HOUSTON – (July 23, 2014) – Anesthesiologists at The University of Texas Health Science Center at Houston (UTHealth) Medical School are taking personalized medicine into the Pre-Operative Anesthesia Clinic at Memorial Hermann-Texas Medical Center.
“We have a surgical home model that goes across pre-surgical, surgical and post-surgical care,” said Davide Cattano, M.D., Ph.D., associate professor of anesthesiology and medical director of the clinic. “We are the mediators between their physicians and surgeons. We make risk assessments based on the type of surgery and patient factors. We analyze their medications and can personalize how long to take them off medications before surgery.”
The goal of the surgical home model is to minimize potential complications, maintain safe medical practice, improve outcomes, decrease costs and optimize the patient’s health status before scheduled surgery.

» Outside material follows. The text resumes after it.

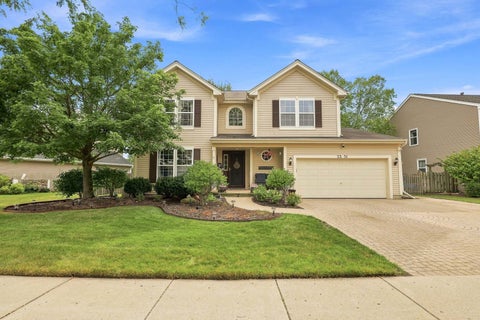 Tiny photo for 3331 Montgomery Drive, Lake In The Hills, IL 60156 (MLS # 12791052)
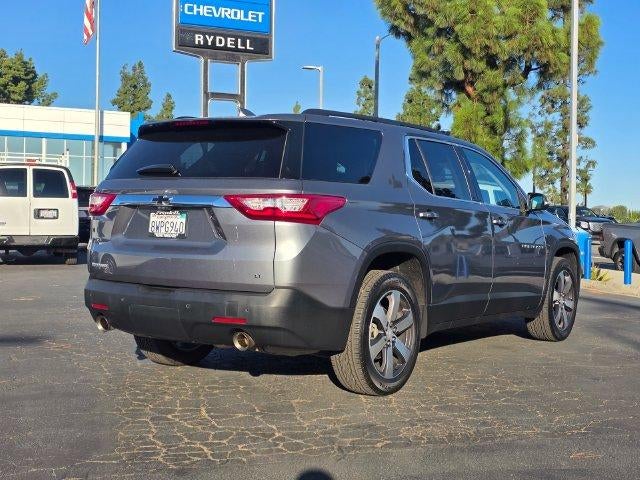 2021 Chevrolet Traverse FWD 3LT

Research led by Cattano in the UTHealth Medical School’s Department of Anesthesiology, has centered around patients who are on antiplatelet medications as a result of cardiac surgery. One study examined the optimal time to remove patients from antiplatelet therapy prior to surgery and they discovered that some patients don’t react as well to antiplatelet drugs such as clopidogrel and aspirin. Those patients may need to be left on their medications longer before surgery.
“It’s important to give as much of a drug as a patient needs instead of blanket guidelines, and to know when it is safe to proceed with surgery or other invasive procedures while avoiding bleeding complications,” Cattano said.
Pre-existing conditions such as diabetes can greatly affect surgical outcomes. Studies have shown that patients with diabetes do not do as well after surgery and the inflammatory response can affect the bowels, kidneys and lungs. These patients must be monitored closely, Cattano said.
Other studies, including one at UTHealth, have shown that there is a 30 percent reduction in pulmonary function for bariatric surgery patients because the morbidly obese have a reduction in their expiratory capacity and because surgery itself, including laparoscopy, is a source of pulmonary dysfunction.
As part of their perioperative assessment, anesthesiologists at the clinic now screen for obstructive sleep apnea.
“We did a study and screened 3,000 patients. Of those, 12 percent scored high risk for severe sleep apnea,” he said. “Fifty percent of all of our patients are obese, which places them at a higher risk for obstructive sleep apnea,” Cattano said. “When you have both obstructive sleep apnea and obesity, respiratory management becomes critical and the prevention of postoperative hypoxemia and other related complications are one of our top priorities.”
The clinic team also has been working toward reducing the surgical cancellation rate due to a patient’s decline in health and record reconciliations. “Higher levels of screening and communication have made a difference. Cancellations are down from 4 percent to less than 2 percent,” Cattano said. “We do a phone assessment at the time of scheduling so we have a medical history and can rate their health status.”
Cattano also created a dedicated survey for capturing one of the most important factors in patients’ quality of care – their satisfaction – and the team is working on improving the experience for patients and their families. More than 300 patients returned the latest review and 97 percent were highly satisfied.